そこで私を待ち受けていた新しいトレーナーを一目見た私は思わず
部屋のドアを再度閉めようとしていた。
(うっそー、今度は新手のいじめ!?)
その新しいトレーナーは、私の目測では身長170センチ、体重80
キロ、メタボ体型。身につけている服は服ではなかった。

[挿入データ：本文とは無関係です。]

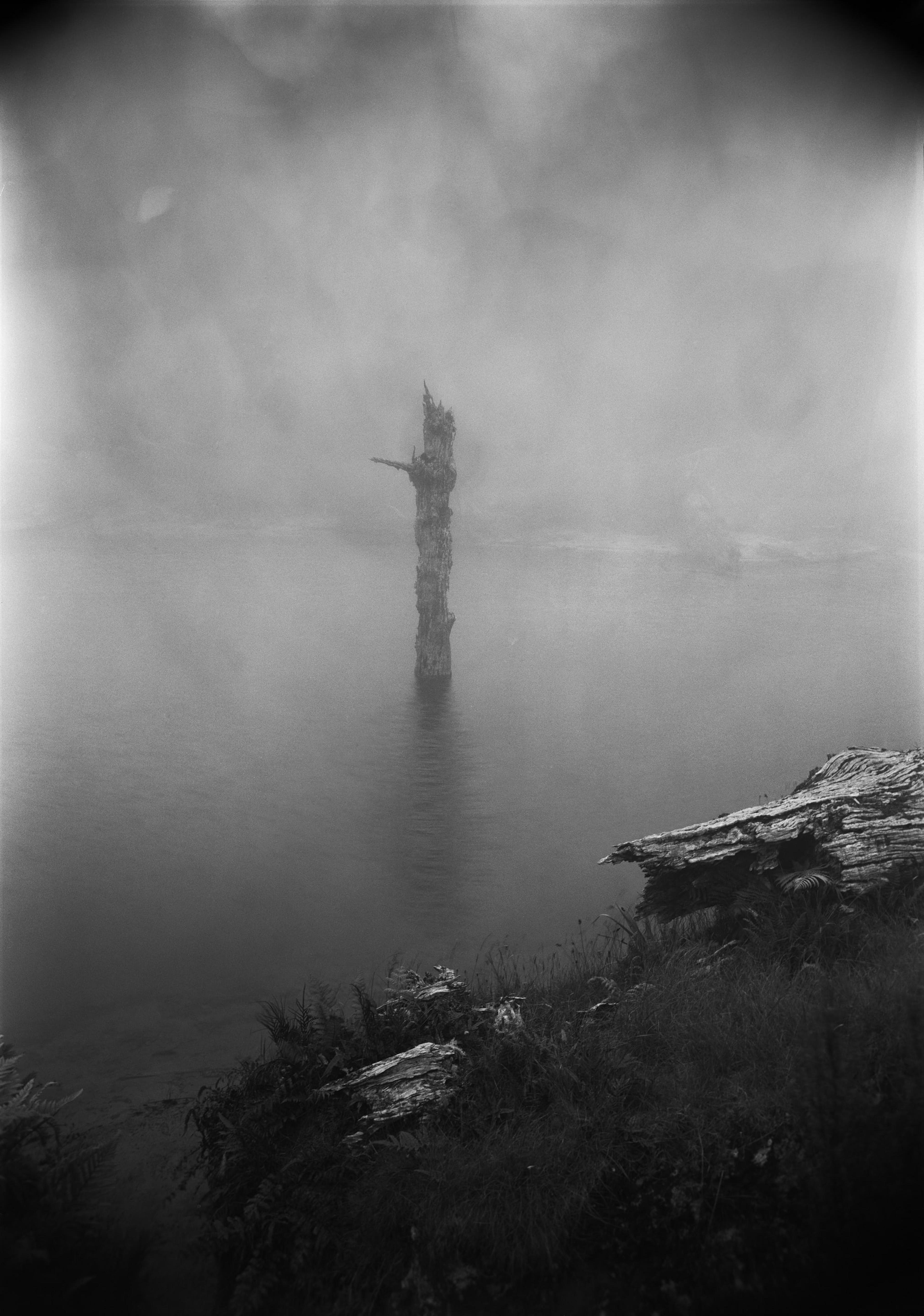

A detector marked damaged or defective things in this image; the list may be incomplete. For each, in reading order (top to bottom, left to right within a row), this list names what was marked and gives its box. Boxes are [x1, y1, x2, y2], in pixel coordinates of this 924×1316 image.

broken treetop [600, 747, 924, 921]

イケメンの
青年はおしゃれなドレス・シャツにジーンズ。しかし、そのトレーナー
が身に着けていたのは上下紺色のジャージ。しかも、ジャージの上の
腕の所には真っ白な2本線が。(お前は仮面ライダーか?ヤンクミか?)
私は別に自分が美人だとも可愛いとも正直思っていない。だから、
他人様の容姿についてとやかく言える立場じゃない。しかし、それに
しても彼の顔はまさに大仏様そのものだった。彼が大仏様でない事が
分かるのは顔が金色に光っていないから。それだけだった。
大仏:「美園さんですね?」
私は返事をせずに、首だけ1度縦に振った。
大仏:「どうぞ、ここにおかけください」
そういって大仏様は私が座るだろう椅子を引いてくれ、
手招きをしていた。「まぁ、座ってくださいませ!」と
丁寧に言わんばかりに。
(きっと、新手のいじめなんだろうなぁ、これって?私また耐えれる
かなぁ?)
私は、大仏様が引いてくれた椅子に腰をかけ、座ったまま椅子を
少し前に動かした。
大仏:「美園さんは昨日が初めてでしたよね?」
私: 「はい、そうですが。今日も昨日と同じような事をするんですか?」
(まさかこんな人と一緒にお風呂に入ったり、あれをするなんて絶対無理!)
大仏:「基本的には同じになりますが。ただ、進め方は昨日とはかなり
違うことになるとは思いますが」
(えぇー、やっぱり一緒?無理、む・り・で・す・よーー!)
私: 「では、最初は自己紹介で、そして……」
私は夕食の所まで話して、その後を言うべきかどうか一瞬迷った。
私: 「それから、一緒にお風呂に入って、一緒に寝る?あぁー寝る
ってナニもするんでしょうか?」
大仏:「最後の方は少し変わると思いますけどねぇ」
大仏様は、にっこりと優しく微笑みながら私に答えてくれた。
(大仏様が笑うんだ!そして大仏様が笑うとこんな顔になるのね!)
私: 「少し変わると言うのはどういう事ですか?」
大仏:「まぁ、それは夕食の時にでも説明させていただきます。
それより、自己紹介をする前に昨日のレッスンを受けての
美園さんの感想を聞かせてもらえませんか?」
私: 「感想ですか?」(あんまりネガティブな事とかルックスの
事とか言わない方がいいんだろうなぁ!)
大仏:「はい。正直に思ったまま言ってくださっていいですから。
私が感想を聞く理由は、少しでも美園さんが今日1日私と
楽しく過ごしていただける為だけですので」
(楽しく?私が?どういう事なんだろう?どう答えよう?)
私は10秒ほど考えた。
私: 「昨日は初めてだったので、要領を得ない事が多かったので
正直疲れました。それとあまりトレーナーの方と楽しく話が
出来なかったのは少し残念でした。そんなところです」
大仏:「分かりました。では、今日は私と出来るだけ楽しくお話して
いただけるよう努めさせてもらいますね」
大仏様はまた私の目を見つめて、にっこりと微笑んだ。